Posts Tagged ‘Cache’

Know your environment: Importance of infrastructure – DNS

April 6, 2011

Consider running nscd on your core nodes.

All programs run in some environment. A program’s environment will have a significant impact on how the program executes. All programs should be very aware of how they interact with their environment.

Applications rely on their host operating system for much of their executing environment. An application might simply rely on the operating system for memory allocation, maybe even without alloc/free. Or an application may use a complex mixture of accessing disk, memory, network, semaphores, etc. All of these resources have trade-offs.

Distributed systems execute in an even more complex mixture. They will often hit all of the operating system provided resources, but also network present services. In doing so, those needing to understand the execution environment expands beyond just the application to administrators.

During some scale testing of Condor, an unusual execution pattern appeared in condor_submit and condor_q. Periodic, 5 to 15 minute stalls at about a 20% frequency. Noticeable as gaps in log files and debug output. Try LogTimeGap.awk.

Investigation with strace revealed the time gaps were during communication with DNS servers. Specifically, resolving an alias used in COLLECTOR_HOST. Try strace -e connect,sendto,recvfrom,poll condor_q and time _CONDOR_TOOL_DEBUG=D_ALL condor_q -debug 2>&1 | awk -f LogTimeGap.awk 1. Simply replacing the alias with the CNAME it referred to eliminated the gaps immediately. See bug 682442. A straightforward resolution, but it may not go far enough.

The issue was slow name resolution, and a single case was worked around. What about other cases though? What if non-alias resolutions start taking a long time. Two more complete solutions appear: 0) perform a transform step on configuration and pre-resolve all hostnames, 1) add another service to the environment, one designed to mitigate these issues, called nscd.

The first option is fairly straightforward, and quite reasonable for many deployments. Especially deployments that take advantage of Wallaby to simplify configuration management. Though, it will take some care, will have to be Condor aware, and may have a gap if host based authentication is being used. Host based authentication is used out of the box and in many deployments, so it may be a high barrier to entry.

The second option appears simpler. It amounts to service nscd start and possibly chkconfig --levels 23 nscd on. It will handle host based authentication configurations more simply, and does not require the transformation step. However, you will have added yet another service to Condor’s environment, and, for that matter, a service you know will have a significant impact on execution. What happens when someone redeploying forgets to enable nscd, if nscd starts to misbehave itself, or nscd simply is not available.
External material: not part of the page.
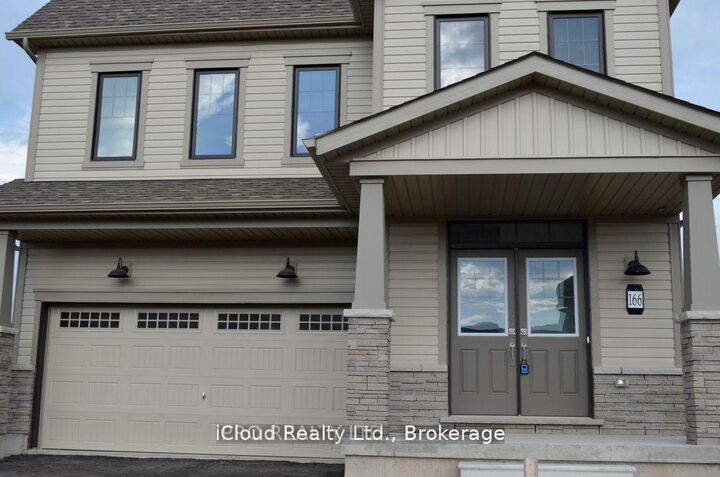 166 Aviron Crescent — photo 1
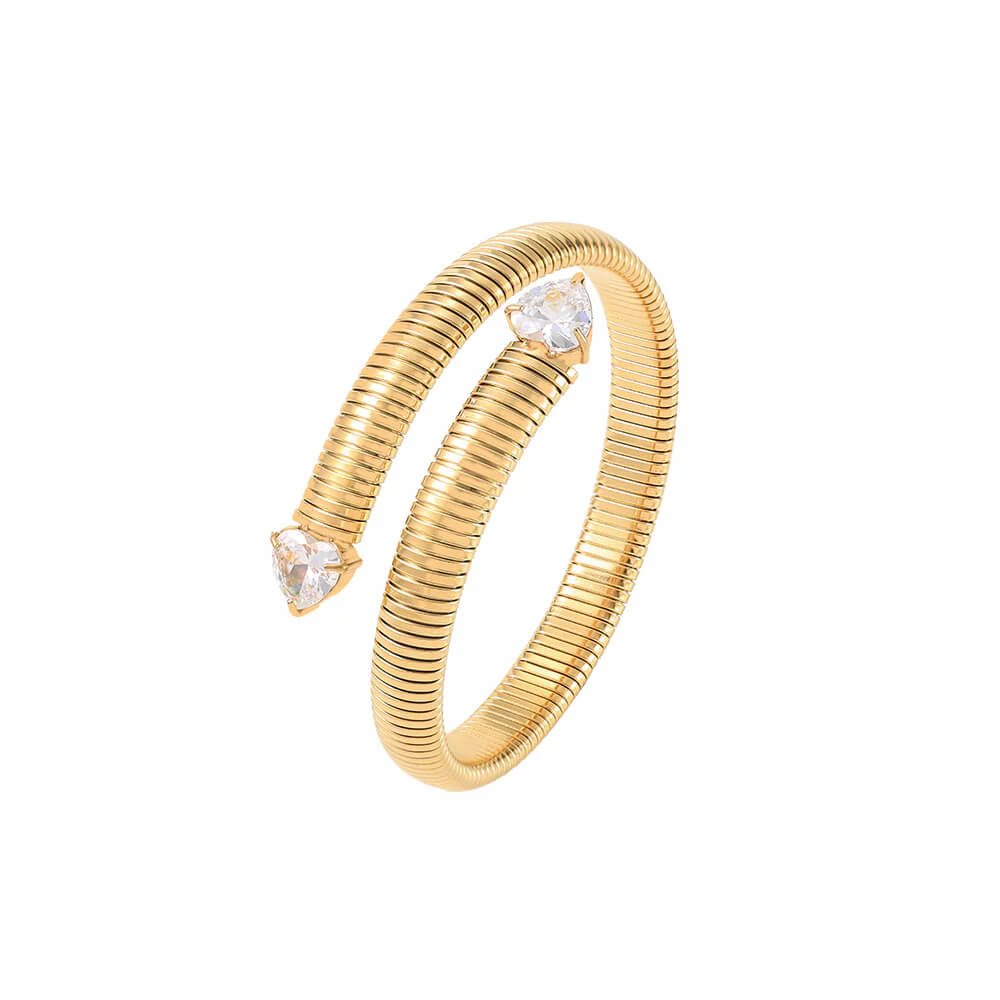 Knight & Day, Noemi Bangle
Are you sure nscd inter-operates with your round-robin domain aliases. nscd is going to interpose itself for other applications on the same system, were they written with proper layering in mind. A simple solution, but with possibly non-obvious implications.


Some interesting data during a particularly bad time period –

Running time condor_reschedule 1,000 times with and without nscd.

Without,

# Distribution of delays at second resolution, samples x time,
# 0 is the target. 0 is not hit, some executions up to 25 seconds.
$ grep ^real no-nscd.log | sed 's/.*m\([^.]*\).*/\1/' | sort -n | uniq -c
    327 0
    403 5
    197 10
     61 15
     10 20
      2 25

# Breakdown of sub-second executions, looking for consistency.
# Execution is not consistent, or not as consistent as with nscd.
$ grep ^real no-nscd.log | grep 0m0 | sort -n | uniq -c
     10 real	0m0.024s
     19 real	0m0.025s
     52 real	0m0.026s
     71 real	0m0.027s
     55 real	0m0.028s
     41 real	0m0.029s
     27 real	0m0.030s
      7 real	0m0.031s
      6 real	0m0.032s
      7 real	0m0.033s
      6 real	0m0.034s
      4 real	0m0.035s
      6 real	0m0.037s
      1 real	0m0.038s
      4 real	0m0.039s
      2 real	0m0.040s
      1 real	0m0.041s
      1 real	0m0.042s
      1 real	0m0.043s
      1 real	0m0.045s
      1 real	0m0.053s
      1 real	0m0.057s
      1 real	0m0.071s
      1 real	0m0.126s
      1 real	0m0.230s

With,

# Distribution of delays at second resolution, samples x time,
# 0 is the target.
$ grep ^real nscd.log | sed 's/.*m\([^.]*\).*/\1/' | sort -n | uniq -c
   1000 0

# Breakdown of sub-second executions, looking for consistency.
$ grep ^real nscd.log | grep 0m0 | sort -n | uniq -c
     69 real	0m0.012s
    888 real	0m0.013s
     36 real	0m0.014s
      6 real	0m0.015s
      1 real	0m0.016s

LogTimeGap.awk

#!/bin/awk -f

function parse_time(string) {
   return mktime(gensub(/([^/]*)\/([^ ]*)\/([^ ]*) ([^:]*):([^:]*):([^ ]*) .*/,
                        "1984 \\1 \\2 \\4 \\5 \\6", "g"))
}

BEGIN {
   previous_time = 0; previous_line = ""; current_time = 0
   ARGC = 1
   MAX_GAP = ARGV[1]
   if (MAX_GAP == "") MAX_GAP = 30
   print "Maximum allowable gap:", MAX_GAP, "seconds"
}

{
   current_time = parse_time($0)
   gap = current_time - previous_time
   if (previous_time > 0 && gap > MAX_GAP) {
	   print "Found gap of " gap " seconds:\n", previous_line "\n", $0
   }
   previous_line = $0
   previous_time = current_time
}

END { }
Advertisements

NFS and Job Initial Working Directory (Iwd)

February 14, 2010

Condor deployments tend to include a network file system, such as NFS, AFS or SMB, which allows users easy access to their files across many machines. The presence of such file systems also means that a user can skip using Condor’s file transfer mechanisms and have their jobs write output or read input directly from the networked locations, often the user’s home directory. Condor is more than happy to do this, as long as the user’s credentials are available to access the home directory, which is often the case. Condor will even go one step further.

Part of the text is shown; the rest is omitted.